### Instructions to follow
Pictures in the data should be dropped; transcribe exactly the lines from the one that has "Framed Print : Arsene" through the one that has "Color-Blocked Fleece Baseball Jacket".

═════ Data to examine ═════

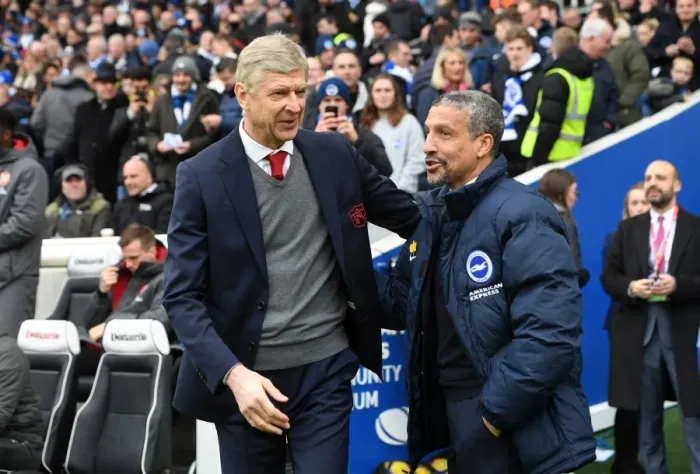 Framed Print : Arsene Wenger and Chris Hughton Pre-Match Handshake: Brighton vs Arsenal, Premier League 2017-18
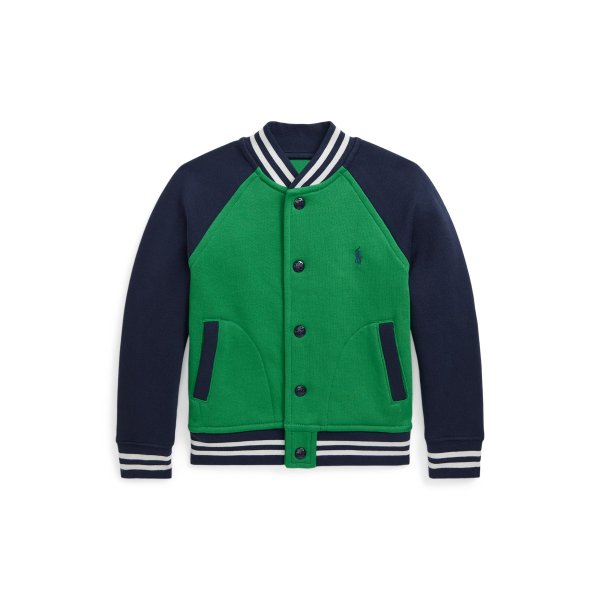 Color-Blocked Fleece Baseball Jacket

═════
═════ Data to examine ═════

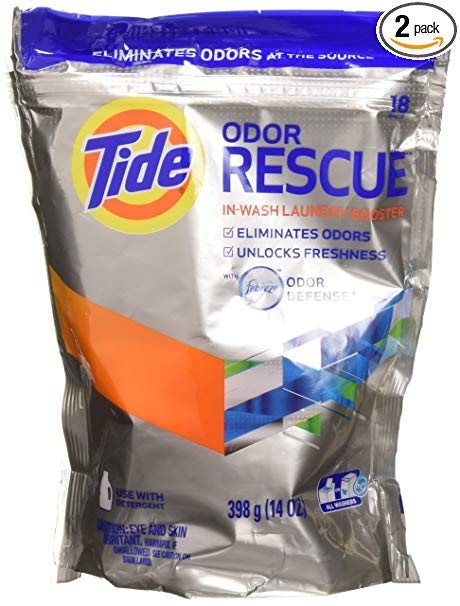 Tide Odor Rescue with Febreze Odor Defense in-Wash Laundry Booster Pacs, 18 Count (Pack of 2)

═════

### Response to the exercise
 Framed Print : Arsene Wenger and Chris Hughton Pre-Match Handshake: Brighton vs Arsenal, Premier League 2017-18
 Color-Blocked Fleece Baseball Jacket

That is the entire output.